Other critics dismissed the play. In 1994, Lawrence Bommer of Chicago Reader panned Bond as "a rigid, humorless ideologue. Though William Shakespeare wrote plays more powerful than life, Bond naively expects the man to be as complete as his creations--as compassionate as Prospero, as furious at hypocrisy as Hamlet, as enraged at poverty as broken Lear. [...] And no antagonist offers an alternative to the bard's enervation". The same year, Chicago Tribunes Richard Christensen argued, "This state of a slow wasting away may be, as Bond states in a preface to his play, the only logical conclusion one can come to on the dying and death of Shakespeare if one examines the known facts about his closing years.
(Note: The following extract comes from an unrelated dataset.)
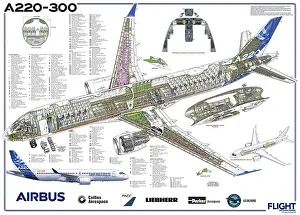 A220-300 Poster - Press 21 Jan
But, though this may make the playwright's premise authentic, it unfortunately does not make his play engaging." In 2010, Karen Fricker wrote that Patrick Stewart's performance "cannot liven up the play’s heavy-handed politics and lack of compelling action. [...] That not much important action takes place on stage may be part of his point, but adds to the feeling this is more of a lesson than a drama."

A reviewer in the Evening Standard argued that "Bond's lugubrious, monotonous writing transforms the potent subject matter into something wearingly reductive. [...] Bond's tone and range is limited". Ismene Brown of The Arts Desk wrote, "It's a damn good set-up, not nice but plausible – still I’m not sure that this really adds up to a play about characters who change, rather than a tiptilted hommage. [...] Bond guns the social issues, but stumbles over the necessary language to make these ancillary characters sparkle – they prate, they strike attitudes (proto-feminism, proto-socialism), they’re even boring." The Daily Telegraph's Charles Spencer panned the work as a "priggish and schematic play". In the same paper, Tim Walker lauded Richard McCabe's performance as Ben Jonson but referred to the play itself as "very boring". Walker said Stewart "makes the best of what is a rather unappealing part [and] little more than a vehicle for a rather minor writer to attempt to score points against an incomparably greater one." According to Belinda Liversedge of Londonist, "the ideas somehow don't translate into magic on stage. [...] His indirect involvement to the tragedies seems too flimsy evidence to pin any guilt on him or explain his anguish." She also criticized Judith as "a rather lifeless character and that's nothing to do with Catherine Cusack's performance."